Global forest loss is 63 per cent off 2030 targets as finance and policy pledges fall behind.
Global efforts to halt deforestation are falling far short, according to a major new report that finds the world is nearly two-thirds off track to meet its zero-deforestation targets by 2030.
The Forest Declaration Assessment 2025 – released today by a coalition of research groups and NGOs – reveals that 8.1 million hectares of forest were permanently lost last year, an area roughly half the size of England. That figure exceeds the annual limit needed to meet 2030 goals by more than three million hectares.
It is even higher than the rate of loss recorded in 2021, when world leaders renewed their pledge to end deforestation.

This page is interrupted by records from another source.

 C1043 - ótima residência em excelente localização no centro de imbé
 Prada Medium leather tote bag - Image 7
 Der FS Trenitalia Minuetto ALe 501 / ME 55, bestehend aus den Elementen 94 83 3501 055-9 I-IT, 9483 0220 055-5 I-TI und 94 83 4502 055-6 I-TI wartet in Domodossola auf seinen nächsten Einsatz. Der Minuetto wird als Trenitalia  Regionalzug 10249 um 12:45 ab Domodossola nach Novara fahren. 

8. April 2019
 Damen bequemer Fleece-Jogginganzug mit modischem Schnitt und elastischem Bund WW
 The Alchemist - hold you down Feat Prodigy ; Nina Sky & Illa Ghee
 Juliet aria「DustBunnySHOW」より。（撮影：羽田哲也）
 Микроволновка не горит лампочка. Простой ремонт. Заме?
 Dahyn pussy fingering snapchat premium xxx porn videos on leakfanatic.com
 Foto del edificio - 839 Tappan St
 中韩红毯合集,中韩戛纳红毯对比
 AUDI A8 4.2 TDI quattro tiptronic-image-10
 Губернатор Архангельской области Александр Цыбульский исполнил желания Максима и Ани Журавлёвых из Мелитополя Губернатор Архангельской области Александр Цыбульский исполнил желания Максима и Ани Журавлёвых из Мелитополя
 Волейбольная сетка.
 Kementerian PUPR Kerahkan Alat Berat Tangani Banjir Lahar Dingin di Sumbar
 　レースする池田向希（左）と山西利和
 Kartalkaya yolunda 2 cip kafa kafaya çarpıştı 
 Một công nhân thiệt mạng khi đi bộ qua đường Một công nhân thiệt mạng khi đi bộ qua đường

“Every year, the gap between commitments and reality grows wider,” says Erin Matson, one of the report’s lead authors. “Forests are non-negotiable infrastructure for a livable planet. Continued failure to protect them puts our collective prosperity at risk.”
The findings come just weeks before COP30 climate talks in Belém, Brazil, the first UN summit to be held in the Amazon, where the future of global forest finance will be a central issue.
Commitments made, promises broken
When world leaders signed the Glasgow Leaders’ Declaration on Forests and Land Use in 2021, they vowed to end forest loss and restore 350 million hectares of degraded land by the end of the decade.
The new analysis shows that global forest loss remains 63 per cent off target. In fact, deforestation is also accelerating in key regions.
Fires alone wiped out 6.7 million hectares of forest in 2024, much of it in Latin America, Southeast Asia and Africa. Those blazes released an estimated 3.1 billion metric tonnes of greenhouse gases, nearly 150 per cent of the annual emissions from the United States energy sector.
“Research shows that degraded forests are more likely to be deforested [in the future],” says Ivan Palmegiani of Climate Focus, one of the research partners.
“Yet because degradation is harder to track than outright clearance, [it often goes] undetected or poorly reported.”
The money problem holds back change
While climate negotiators have long stressed the importance of protecting forests, the report argues that financial incentives still overwhelmingly favour their destruction.
Between 2017 and 2022, international public finance for forest protection averaged just €5 billion per year – barely 1.4 per cent of the €353 billion in subsidies that continue to flow annually to forest-destroying industries such as large-scale agriculture, mining and logging.
“Efforts to protect forests don’t stand a chance as long as our economic system keeps rewarding quick profits from forest destruction,” said Franziska Haupt, a partner at Climate Focus.
“Too often we see only surface-level solutions – such as tree-planting campaigns or voluntary commitments with no follow-through – that look good on paper but do nothing to change the underlying system.”
The authors also flagged a lack of unity for its part in holding back meaningful change.
“When leaders do make genuine efforts to stop forest loss, whether through supply chain engagement or passing a new regulation, they often do so in isolation,” Haupt adds.
But there are signs of progress
But there are reasons for encouragement. The report reveals that there are signs of momentum in some countries and regions.
Under President Luiz Inácio Lula da Silva, Brazil has succeeded in sharply reducing Amazon deforestation since 2023. The country is also pushing new initiatives to reform global forest finance, including a proposed Tropical Forest Forever Facility that would make private investment in tropical forests easier and less risky.
Meanwhile, the Democratic Republic of Congo has adopted its first national land-use planning law, which recognises community land rights and extends environmental safeguards across much of the Congo Basin rainforest, a natural carbon sink.
Latin America is also moving forward with the Escazú Agreement, a regional treaty guaranteeing the right to access to environmental information, public participation in environmental decision-making and protection for environmental defenders.
Can COP30 deliver?
Thirty-four countries recently launched a Forest Finance Roadmap for Action to tackle structural barriers such as harmful subsidies and sovereign debt.
Developed for COP30, the six-point plan aims to address the annual €58 billion funding gap needed to stop tropical deforestation by 2030 by mobilising private investment, aligning corporate spending with forest goals and more.
Above all, the roadmap aims to translate commitments, such as the Glasgow Leaders’ Declaration, into concrete solutions. The campaigners say that if COP30 can sync these reforms with existing pledges, it could be a turning point.
“The overall numbers are dismal, but the future of forests doesn’t have to be,” said Matson.
“If COP30 delivers on its promise, we could be reporting a very different story next year – one of real progress.”